Financial crisis of 2008 was caused by one of the biggest managerial mistakes, and some people think that the crisis is not over yet. The financial crisis of 2007-08 was caused because many wrong decisions were made by the top managers of Wall Street banks and institutions, and government officials that tried to support the shadow banking system.
Before the crisis, Wall Street banks and funds were trying to maximize their revenues, and they found some gaps in the existing regulations, which helped them trade high-risk securities with almost no limitations. Some banks and funds have invested billions into the risky assets, such as collateralized debt obligations and mortgage-based securities. However, these banks have received the highest ratings, and it has resulted in the financial collapse. At the same time, banks masked their financial weakness by moving their assets and liabilities to the structured investment vehicles, and this way they increased the uncertainty during the financial crisis.
At the times of the financial crisis, the companies changed their strategies and got rid of all their toxic assets, which was a good managerial decision. Top managers decided to change the strategy from the risky one to the one with mild risks. Business practices and standards have been reviewed with the beginning of the financial crisis, and Wall Street institutions pledged to conduct their business activities in a different way. For example, they ensured that qualified mortgages of the banks are low-risk. Also, banks avoided selling high-risk products and created greater reserves to guarantee stable functioning.
Other actors of the market were impacted as well, and they have chosen their management strategies. One of the examples is that they stopped giving the best ratings to the banks with the toxic assets having the largest share in the banks’ portfolios.
Government has also been the major player at the securities market, as it failed to impose the regulations necessary to ensure that banks operate in a regular way and do not perform risky activities. The government was involved in the process of banking deregulation and enabled the banks own financial companies. Also, it should be mentioned that shadow banking system was to some extent supported by the government. In general, government preferred to remove all limitations and enable banks do what they wanted to maximize their profits.

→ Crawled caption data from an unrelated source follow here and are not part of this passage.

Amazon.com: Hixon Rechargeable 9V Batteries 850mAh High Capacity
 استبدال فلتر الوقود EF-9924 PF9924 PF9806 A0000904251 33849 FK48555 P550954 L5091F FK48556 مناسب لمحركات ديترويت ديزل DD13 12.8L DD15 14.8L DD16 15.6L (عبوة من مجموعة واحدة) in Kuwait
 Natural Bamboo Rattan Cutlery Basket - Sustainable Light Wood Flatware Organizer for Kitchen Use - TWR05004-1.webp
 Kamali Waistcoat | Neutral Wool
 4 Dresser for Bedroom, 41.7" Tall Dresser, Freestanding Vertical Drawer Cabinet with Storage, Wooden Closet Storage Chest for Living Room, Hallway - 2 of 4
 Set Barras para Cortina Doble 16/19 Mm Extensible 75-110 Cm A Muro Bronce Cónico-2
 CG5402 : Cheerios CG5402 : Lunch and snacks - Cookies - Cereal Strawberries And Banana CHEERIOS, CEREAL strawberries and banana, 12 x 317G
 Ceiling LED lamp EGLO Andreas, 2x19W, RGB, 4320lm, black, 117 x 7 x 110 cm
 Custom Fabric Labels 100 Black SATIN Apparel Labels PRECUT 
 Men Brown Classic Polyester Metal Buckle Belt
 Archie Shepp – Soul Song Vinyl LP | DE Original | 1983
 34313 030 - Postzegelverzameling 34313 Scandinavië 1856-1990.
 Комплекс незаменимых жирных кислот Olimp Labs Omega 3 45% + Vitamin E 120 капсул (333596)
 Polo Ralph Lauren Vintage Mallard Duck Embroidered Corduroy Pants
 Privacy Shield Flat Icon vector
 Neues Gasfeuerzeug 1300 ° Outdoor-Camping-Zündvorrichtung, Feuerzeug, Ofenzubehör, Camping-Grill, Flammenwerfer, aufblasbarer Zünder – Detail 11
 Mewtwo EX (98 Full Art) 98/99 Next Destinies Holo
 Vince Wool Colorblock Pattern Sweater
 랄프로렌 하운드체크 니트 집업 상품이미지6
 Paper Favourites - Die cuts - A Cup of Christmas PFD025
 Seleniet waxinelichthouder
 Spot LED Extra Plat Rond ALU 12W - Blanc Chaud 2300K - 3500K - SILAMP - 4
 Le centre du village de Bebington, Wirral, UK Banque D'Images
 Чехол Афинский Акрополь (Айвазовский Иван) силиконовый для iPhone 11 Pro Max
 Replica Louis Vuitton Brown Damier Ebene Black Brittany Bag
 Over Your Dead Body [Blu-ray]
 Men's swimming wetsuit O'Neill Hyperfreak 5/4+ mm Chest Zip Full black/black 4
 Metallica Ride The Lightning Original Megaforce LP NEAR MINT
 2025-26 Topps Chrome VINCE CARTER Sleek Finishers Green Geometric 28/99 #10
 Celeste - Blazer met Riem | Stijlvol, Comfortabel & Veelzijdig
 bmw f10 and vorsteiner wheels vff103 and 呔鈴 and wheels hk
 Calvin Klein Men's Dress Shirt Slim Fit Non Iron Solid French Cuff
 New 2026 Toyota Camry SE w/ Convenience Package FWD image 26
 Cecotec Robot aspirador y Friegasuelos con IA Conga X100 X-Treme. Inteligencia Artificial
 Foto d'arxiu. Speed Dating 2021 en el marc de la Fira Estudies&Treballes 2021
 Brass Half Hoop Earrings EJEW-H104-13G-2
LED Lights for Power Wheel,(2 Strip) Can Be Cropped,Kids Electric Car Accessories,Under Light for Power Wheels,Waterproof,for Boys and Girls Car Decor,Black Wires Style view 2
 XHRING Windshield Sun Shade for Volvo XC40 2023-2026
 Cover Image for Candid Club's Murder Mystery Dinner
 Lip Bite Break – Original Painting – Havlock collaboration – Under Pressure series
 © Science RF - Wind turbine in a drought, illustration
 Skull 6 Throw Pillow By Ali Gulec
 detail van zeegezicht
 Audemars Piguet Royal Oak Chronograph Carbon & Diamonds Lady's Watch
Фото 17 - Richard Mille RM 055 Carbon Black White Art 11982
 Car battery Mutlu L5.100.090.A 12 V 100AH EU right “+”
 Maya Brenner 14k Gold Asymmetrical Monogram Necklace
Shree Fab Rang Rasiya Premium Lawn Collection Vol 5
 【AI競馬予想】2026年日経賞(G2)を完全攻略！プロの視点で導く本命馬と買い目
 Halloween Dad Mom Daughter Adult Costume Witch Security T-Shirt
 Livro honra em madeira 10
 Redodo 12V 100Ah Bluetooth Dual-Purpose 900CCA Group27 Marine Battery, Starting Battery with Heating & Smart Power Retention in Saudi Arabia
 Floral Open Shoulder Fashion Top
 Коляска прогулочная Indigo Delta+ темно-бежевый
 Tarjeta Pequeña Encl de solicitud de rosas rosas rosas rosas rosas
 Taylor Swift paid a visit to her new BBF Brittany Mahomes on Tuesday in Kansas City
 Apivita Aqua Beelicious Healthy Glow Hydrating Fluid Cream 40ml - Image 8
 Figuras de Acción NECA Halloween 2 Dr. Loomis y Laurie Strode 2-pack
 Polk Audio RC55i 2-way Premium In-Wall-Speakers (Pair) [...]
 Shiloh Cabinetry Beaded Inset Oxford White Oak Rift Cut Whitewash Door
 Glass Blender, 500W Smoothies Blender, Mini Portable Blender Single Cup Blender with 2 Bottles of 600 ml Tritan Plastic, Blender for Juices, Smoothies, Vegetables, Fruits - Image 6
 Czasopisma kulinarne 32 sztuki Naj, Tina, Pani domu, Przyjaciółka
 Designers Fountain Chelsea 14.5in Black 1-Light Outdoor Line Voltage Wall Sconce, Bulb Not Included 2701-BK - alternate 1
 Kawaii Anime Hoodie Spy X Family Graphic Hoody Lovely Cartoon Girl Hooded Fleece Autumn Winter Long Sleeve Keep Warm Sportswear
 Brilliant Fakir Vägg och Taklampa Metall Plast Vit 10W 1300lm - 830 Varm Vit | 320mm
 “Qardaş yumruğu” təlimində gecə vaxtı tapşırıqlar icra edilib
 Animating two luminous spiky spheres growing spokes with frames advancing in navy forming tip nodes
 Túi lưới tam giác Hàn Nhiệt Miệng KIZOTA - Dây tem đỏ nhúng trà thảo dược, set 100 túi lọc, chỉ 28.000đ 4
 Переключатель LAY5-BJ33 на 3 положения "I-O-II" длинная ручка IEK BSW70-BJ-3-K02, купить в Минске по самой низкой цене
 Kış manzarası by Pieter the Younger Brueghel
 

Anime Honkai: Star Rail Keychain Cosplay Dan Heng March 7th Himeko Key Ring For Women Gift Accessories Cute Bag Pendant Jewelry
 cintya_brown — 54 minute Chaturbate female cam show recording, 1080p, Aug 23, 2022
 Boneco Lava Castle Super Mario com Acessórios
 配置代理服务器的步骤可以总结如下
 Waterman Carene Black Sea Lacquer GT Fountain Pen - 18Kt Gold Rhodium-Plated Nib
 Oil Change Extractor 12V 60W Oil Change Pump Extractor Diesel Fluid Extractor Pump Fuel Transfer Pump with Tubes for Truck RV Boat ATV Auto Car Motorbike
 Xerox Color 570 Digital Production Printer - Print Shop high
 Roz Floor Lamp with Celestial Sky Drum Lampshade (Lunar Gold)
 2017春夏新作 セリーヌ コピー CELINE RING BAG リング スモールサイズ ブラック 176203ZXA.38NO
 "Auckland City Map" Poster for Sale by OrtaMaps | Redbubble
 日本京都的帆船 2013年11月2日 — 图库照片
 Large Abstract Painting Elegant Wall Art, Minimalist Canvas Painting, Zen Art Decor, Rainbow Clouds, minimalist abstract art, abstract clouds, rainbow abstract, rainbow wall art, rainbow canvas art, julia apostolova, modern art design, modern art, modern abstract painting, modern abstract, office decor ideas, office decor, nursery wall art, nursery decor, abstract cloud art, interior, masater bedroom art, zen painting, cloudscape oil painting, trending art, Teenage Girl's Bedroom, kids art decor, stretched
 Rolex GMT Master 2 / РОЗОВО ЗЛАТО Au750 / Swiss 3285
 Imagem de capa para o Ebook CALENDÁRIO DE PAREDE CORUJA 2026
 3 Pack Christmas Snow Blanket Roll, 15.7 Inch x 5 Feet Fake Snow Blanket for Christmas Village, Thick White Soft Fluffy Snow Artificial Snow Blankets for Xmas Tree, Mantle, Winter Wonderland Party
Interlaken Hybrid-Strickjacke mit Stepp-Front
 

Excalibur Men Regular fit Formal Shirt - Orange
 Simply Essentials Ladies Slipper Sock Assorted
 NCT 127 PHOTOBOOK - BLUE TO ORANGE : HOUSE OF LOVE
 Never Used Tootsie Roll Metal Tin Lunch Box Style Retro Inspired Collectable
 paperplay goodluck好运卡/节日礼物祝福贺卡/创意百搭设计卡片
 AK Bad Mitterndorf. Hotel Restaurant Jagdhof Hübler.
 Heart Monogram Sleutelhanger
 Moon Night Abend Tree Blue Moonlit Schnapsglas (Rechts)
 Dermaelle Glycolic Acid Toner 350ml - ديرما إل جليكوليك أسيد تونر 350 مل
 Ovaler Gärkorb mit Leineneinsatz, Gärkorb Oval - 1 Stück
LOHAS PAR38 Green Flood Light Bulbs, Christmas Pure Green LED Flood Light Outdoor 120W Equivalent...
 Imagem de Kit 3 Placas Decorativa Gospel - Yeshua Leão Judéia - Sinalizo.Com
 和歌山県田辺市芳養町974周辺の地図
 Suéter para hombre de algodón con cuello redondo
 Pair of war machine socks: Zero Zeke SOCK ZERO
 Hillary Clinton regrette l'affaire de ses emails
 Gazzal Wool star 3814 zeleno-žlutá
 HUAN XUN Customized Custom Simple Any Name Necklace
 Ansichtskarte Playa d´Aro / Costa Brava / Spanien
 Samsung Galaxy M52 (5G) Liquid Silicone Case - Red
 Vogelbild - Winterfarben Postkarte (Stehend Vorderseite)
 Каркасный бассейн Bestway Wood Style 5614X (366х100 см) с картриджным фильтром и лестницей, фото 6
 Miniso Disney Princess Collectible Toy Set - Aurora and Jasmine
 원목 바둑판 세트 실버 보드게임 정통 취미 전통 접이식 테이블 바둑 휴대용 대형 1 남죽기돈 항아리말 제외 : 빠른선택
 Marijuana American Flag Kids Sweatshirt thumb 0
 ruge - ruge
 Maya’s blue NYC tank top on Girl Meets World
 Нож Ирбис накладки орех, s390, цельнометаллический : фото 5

However, during the financial crisis, government changed its strategy and ways it influenced the securities market in the United States. When Lehman Brothers was liquidated because of bankruptcy, government realized that it was a must to prevent other banks from failing. If these banks went bankrupt as well, there was a great chance that the country’s economy would fail, and no banks would remain in the business. For example, AIG, a large insurance company that insured obligations of many banks using the CDS tool, or the so-called credit default swaps, would also go bankrupt if the government did not step in and provided billions of dollars to support the company. The same way the U.S. government supported other large banks to prevent the failure of the country’s economy. To do this, the government used the money it has collected from the taxpayers to buy off the toxic assets of the banks, and it has decreased the risk of the global banks’ bankruptcy in the United States.